■ Directions
The entries below contain a stretch that opens with the line containing "Little Boy Camo" and closes with the line containing "Camisa Lisa de Manga Curta Respirável"; set down that stretch exactly, both ends included, and nothing else.

(Beginning of Records provided)

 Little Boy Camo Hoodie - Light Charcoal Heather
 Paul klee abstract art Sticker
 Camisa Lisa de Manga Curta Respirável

(End of Records provided)
(Beginning of Records provided)

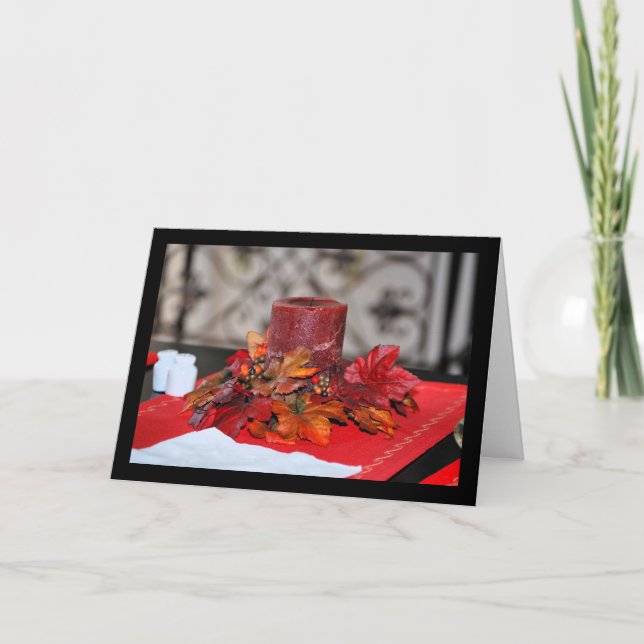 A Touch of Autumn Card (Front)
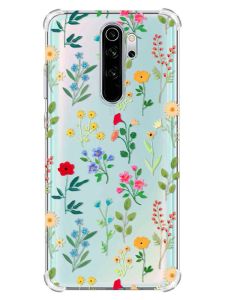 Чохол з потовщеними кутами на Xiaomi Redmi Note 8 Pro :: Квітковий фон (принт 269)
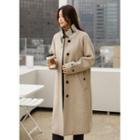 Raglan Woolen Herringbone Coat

(End of Records provided)

■ Solution to the exercise
 Little Boy Camo Hoodie - Light Charcoal Heather
 Paul klee abstract art Sticker
 Camisa Lisa de Manga Curta Respirável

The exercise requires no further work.